= Goal of the exercise =
The lines to copy run from the one containing "Used 2020 Chevrolet" to the last line of the entries; output those lines exactly and only them, without pictures.

[Image-text web data]
[Start of Attachment]

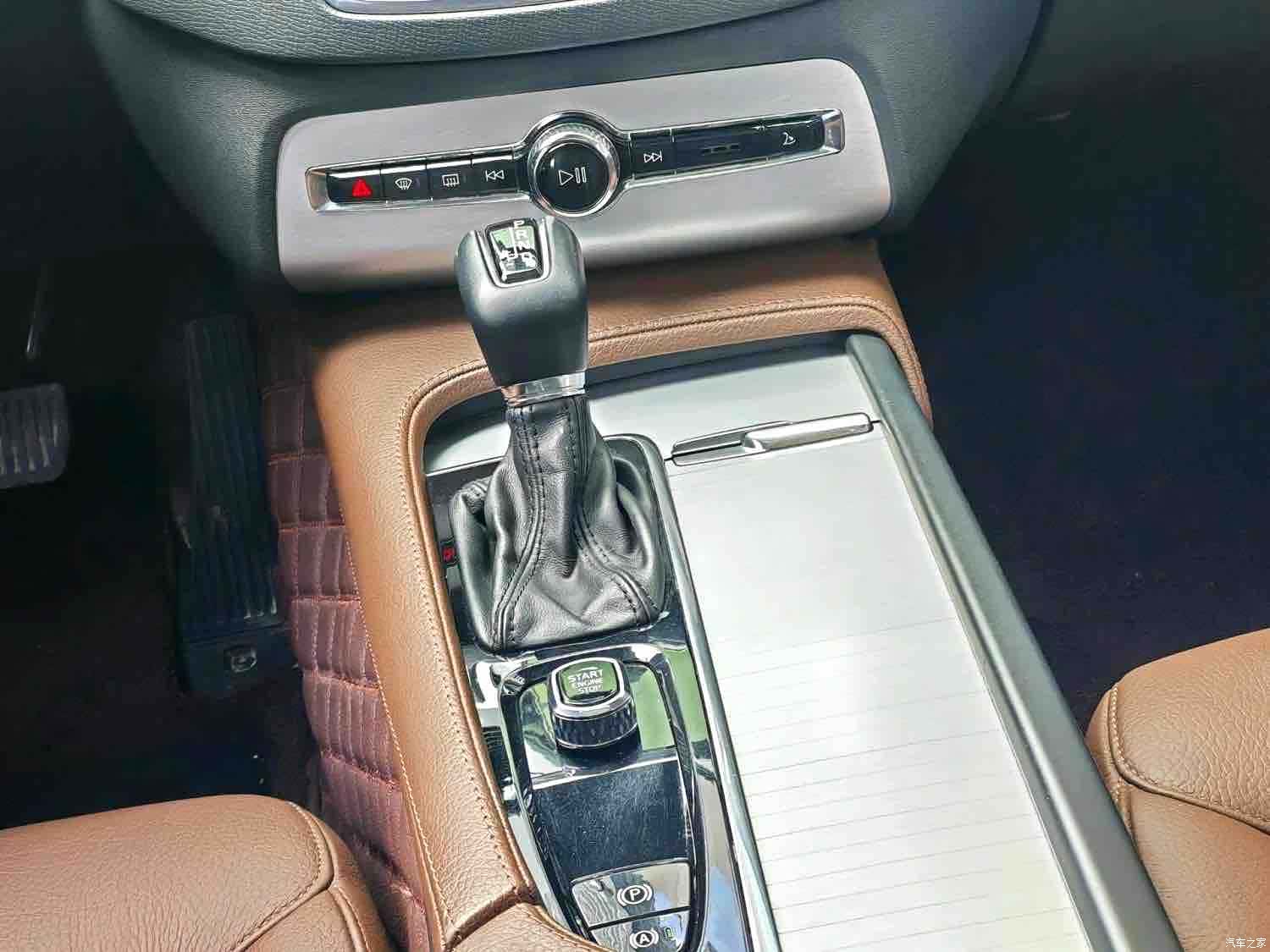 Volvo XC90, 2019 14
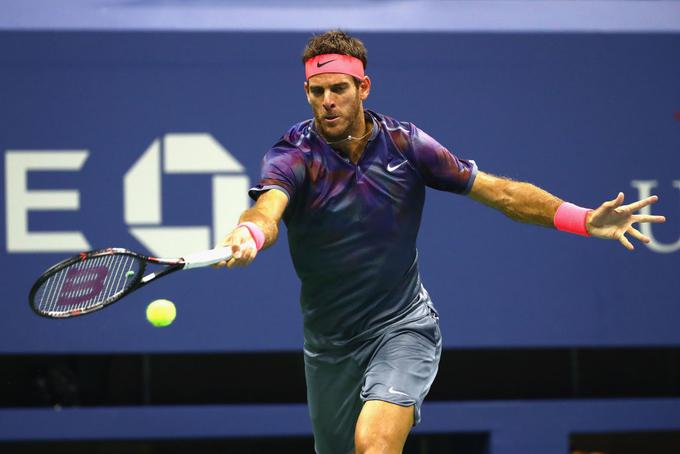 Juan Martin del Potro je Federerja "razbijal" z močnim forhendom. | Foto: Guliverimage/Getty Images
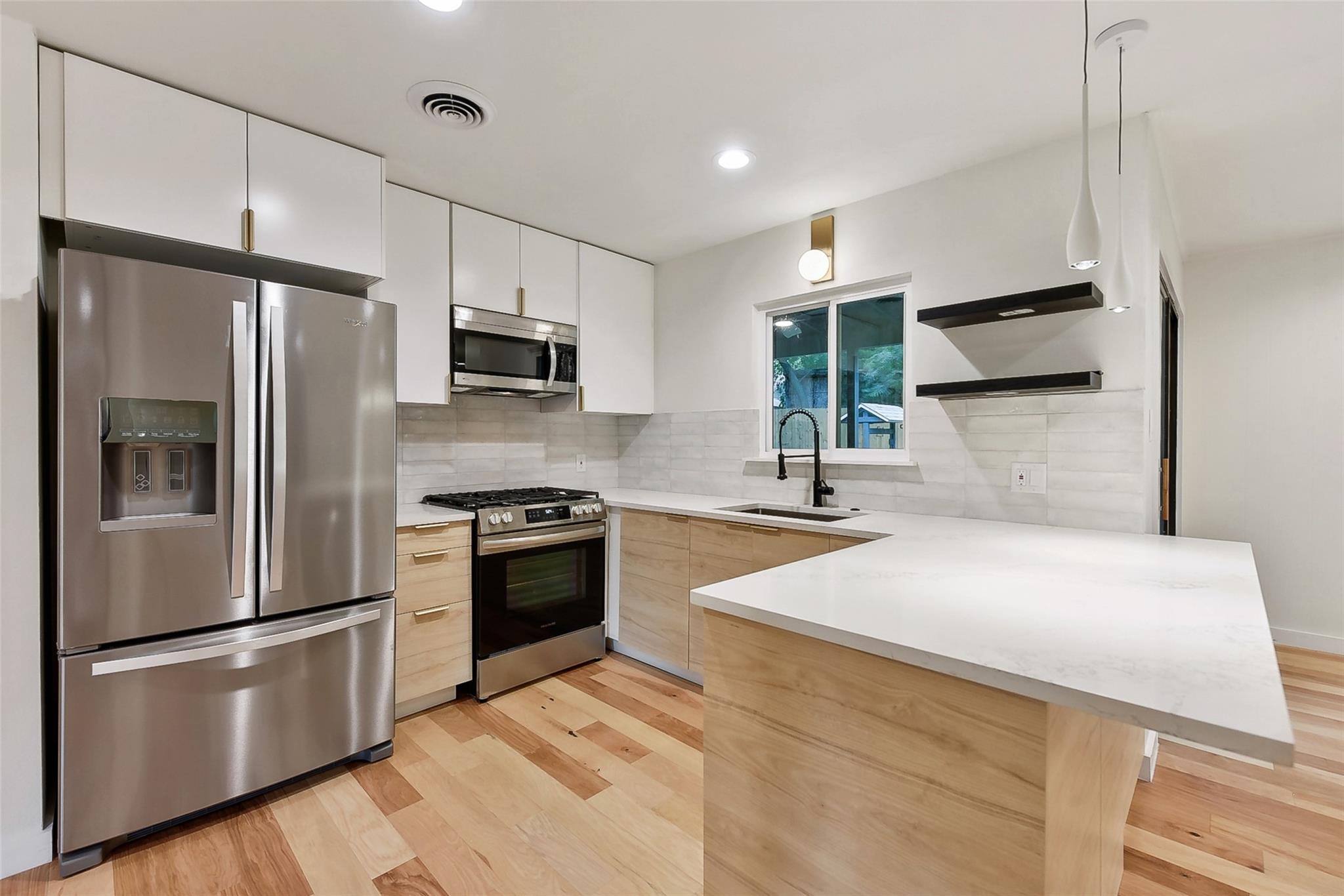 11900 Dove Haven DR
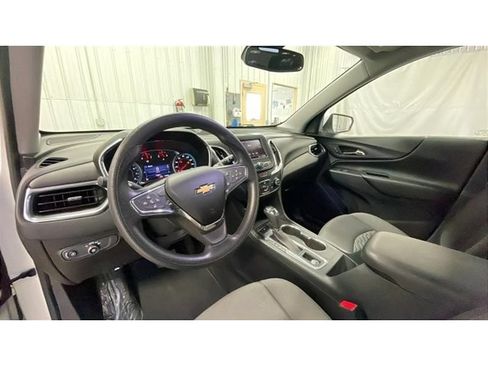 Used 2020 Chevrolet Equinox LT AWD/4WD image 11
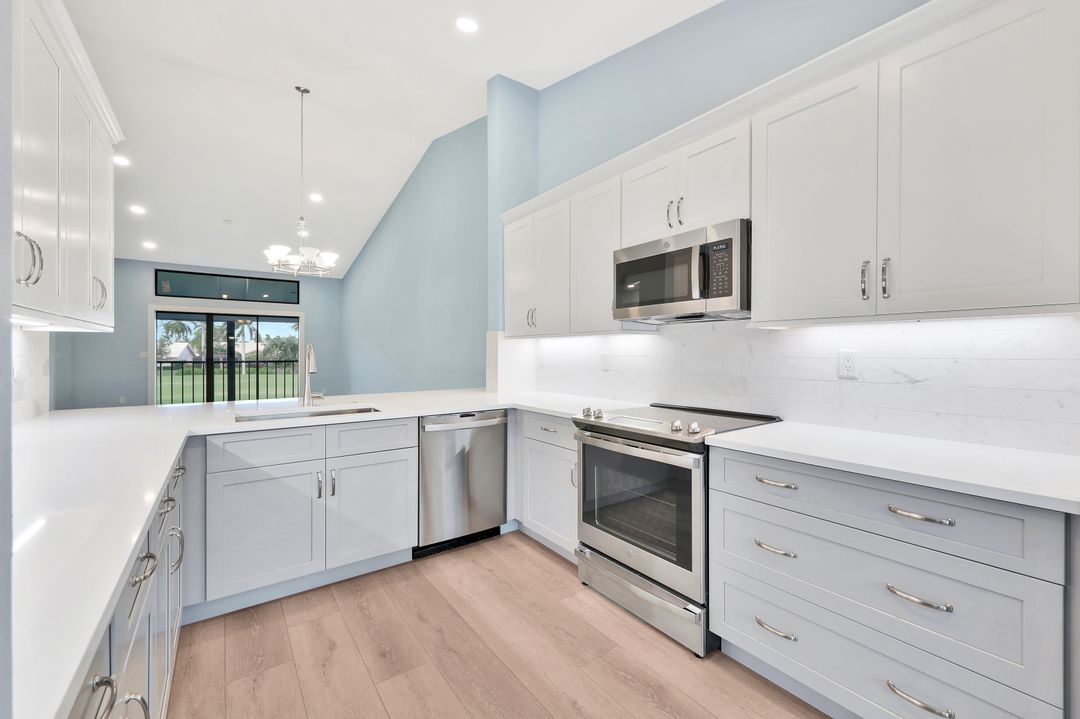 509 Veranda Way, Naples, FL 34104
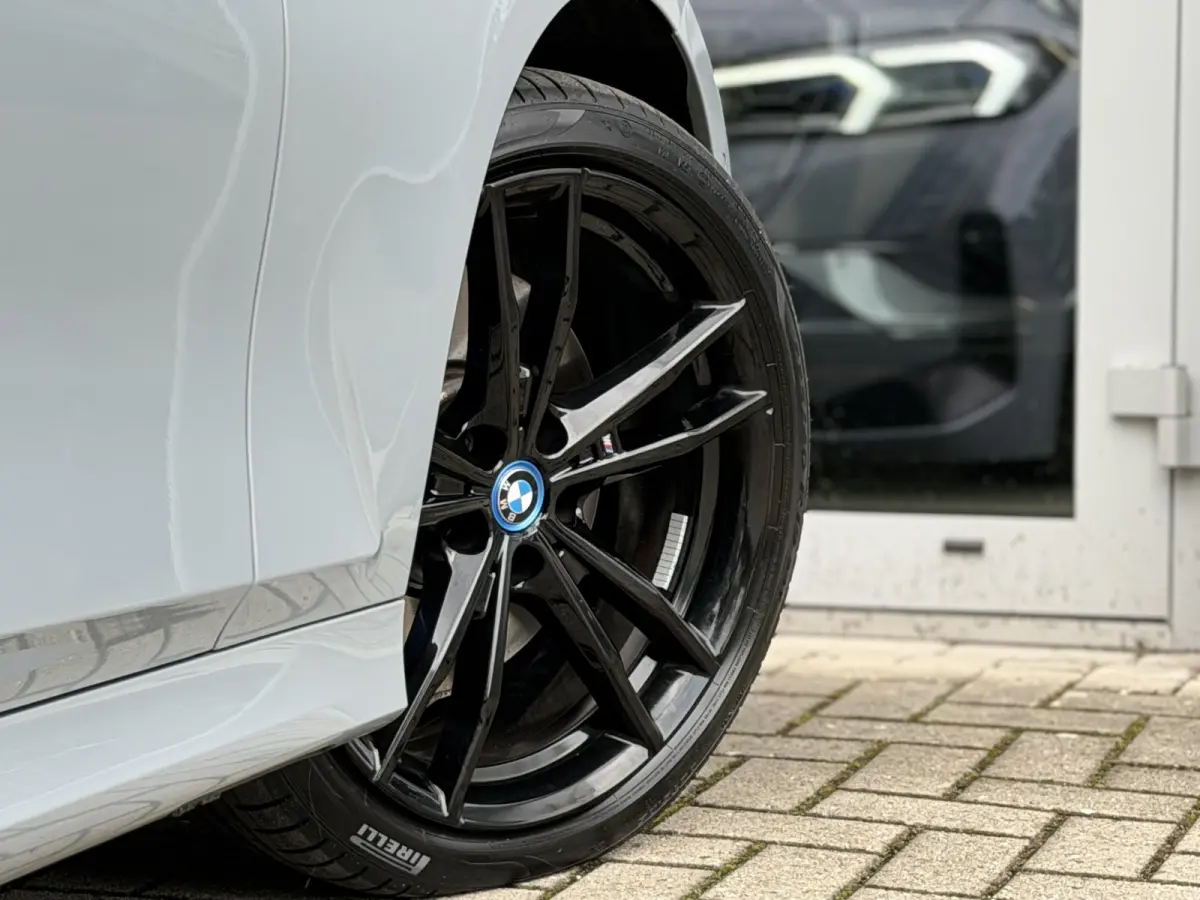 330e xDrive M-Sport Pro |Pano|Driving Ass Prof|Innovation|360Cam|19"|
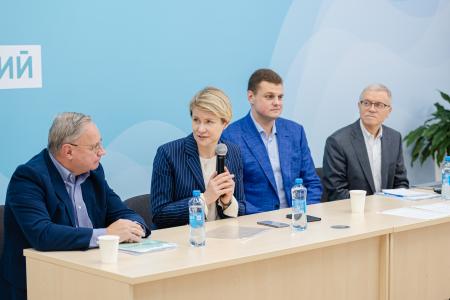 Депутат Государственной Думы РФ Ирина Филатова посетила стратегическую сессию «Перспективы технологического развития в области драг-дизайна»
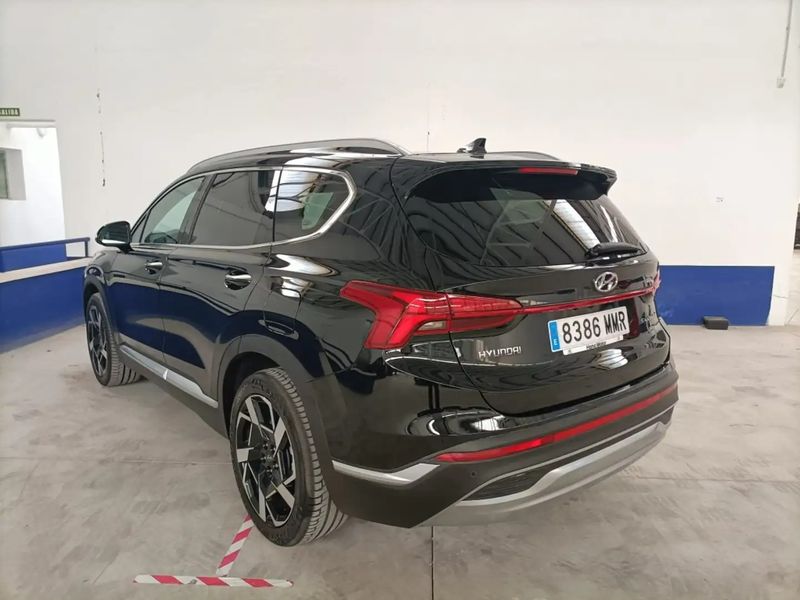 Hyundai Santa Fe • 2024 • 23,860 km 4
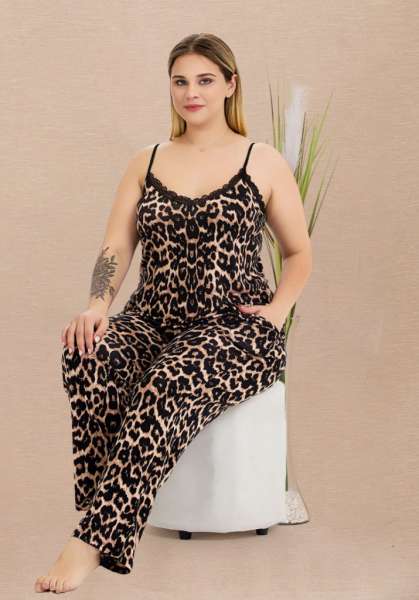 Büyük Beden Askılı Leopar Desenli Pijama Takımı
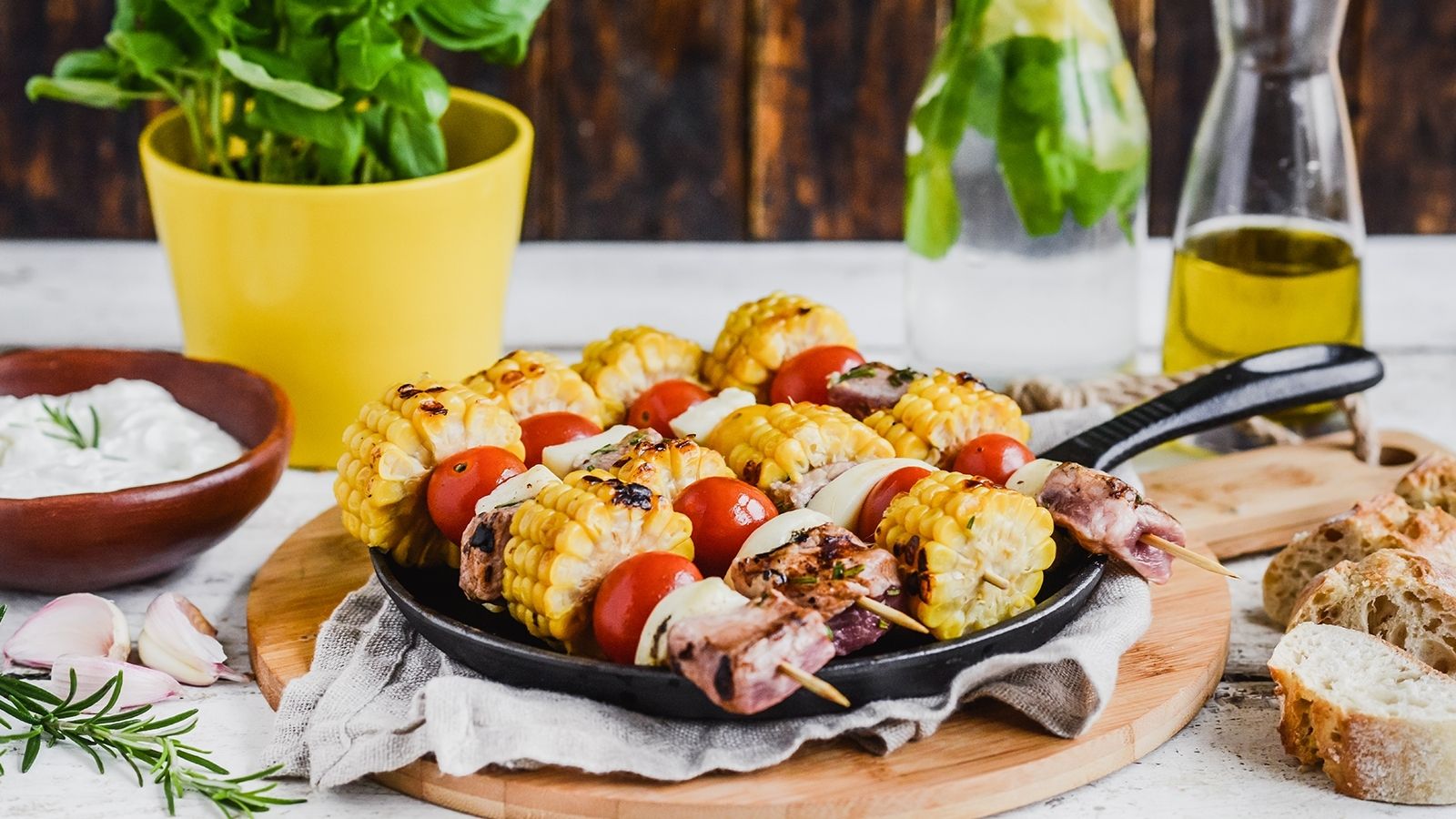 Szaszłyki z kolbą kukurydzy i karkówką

[End of Attachment]

= Result below =
 Used 2020 Chevrolet Equinox LT AWD/4WD image 11
 509 Veranda Way, Naples, FL 34104
 330e xDrive M-Sport Pro |Pano|Driving Ass Prof|Innovation|360Cam|19"|
 Депутат Государственной Думы РФ Ирина Филатова посетила стратегическую сессию «Перспективы технологического развития в области драг-дизайна»
 Hyundai Santa Fe • 2024 • 23,860 km 4
 Büyük Beden Askılı Leopar Desenli Pijama Takımı
 Szaszłyki z kolbą kukurydzy i karkówką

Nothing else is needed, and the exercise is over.